La carte SD, grande remplaçante de la pellicule

Avec le numérique, la notion de perte est devenue presque caduque. Il y a encore quelques années, lorsque l'on faisait des photos avec des pellicules, on avait intérêt à ne pas se louper car le nombre de prises était limité et surtout il n'y avait aucune possibilité de se rattraper, sans parler du coût du développement. Un doigt apparaissant malencontreusement dans le champ, un contre-jour gênant, un sujet qui bouge et donc qui floute la photo, des éléments extérieurs qui viennent parasiter la prise de vue...autant d'incidents qui étaient synonymes de mort pour la photo. Depuis l'instauration des appareils numériques, une photo ratée est automatiquement effacée pour en faire une autre ou tout simplement oubliée vu que la capacité de stockage, grâce aux cartes SD ou micro SD, est dantesque.  L'exemple précédent évoque le domaine de la photographie mais il en est de même pour la vidéo.

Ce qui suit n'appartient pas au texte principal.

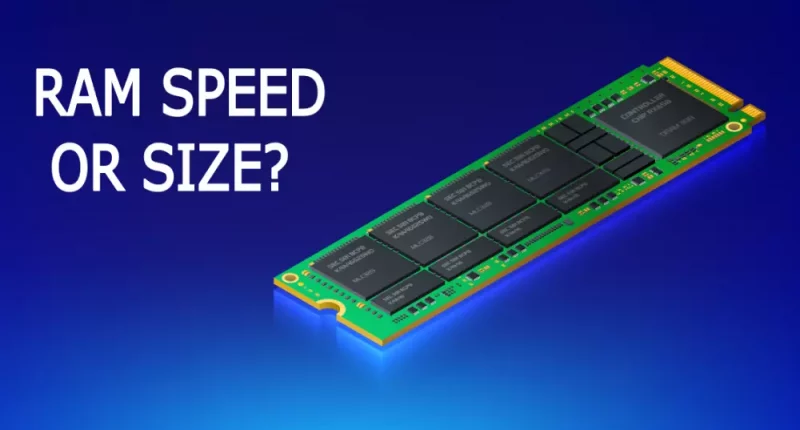 RAM speed or RAM size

Ainsi, c'est la fin du problème du stockage et de l'usure des prises. Une sauvegarde sur l'ordinateur ou un disque dur externe et plus de problème. Fin aussi du problème du son, avec un micro intégré les caméscopes numériques permirent de capter du son avec une qualité médiocre mais acceptable sans se ruiner en matériels d'appoint. De même, les années passant, le matériel pour enregistrer de la vidéo, caméscopes numériques/appareils photo enregistrant de la vidéo/Smartphones..., devint plus accessible et donc plus populaire.

II) La facilité d'utilisation ou l'ouverture à la médiocrité

A partir du moment où le matériel proposé permit de contourner tous les problèmes évoqués au début de cet article, on observa une démocratisation de pratiques jusqu'alors élitistes. De plus, l'arrivée d'Internet offrit au grand public de nombreux espaces de totale gratuité ou presque, des espaces permettant de montrer facilement au plus grand monde ses créations. Alors qu'avant, avant Internet j'entends, il fallait passer par le cadre de la télévision (locale ou non) voire du cinéma pour les ambitieux, désormais un simple upload de quelques minutes/heures sur dailymotion ou youtube offre la possibilité de potentiellement toucher quelques milliers de personnes.

Le fameux Windows Movie Maker

Exit donc le problème de la diffusion, on devient soi-même diffuseur. C'est là tout le principe d'Internet avec des plateformes communautaires offrant des outils simplificateurs au possible pour permettre aux internautes-cinéastes une relative autogestion.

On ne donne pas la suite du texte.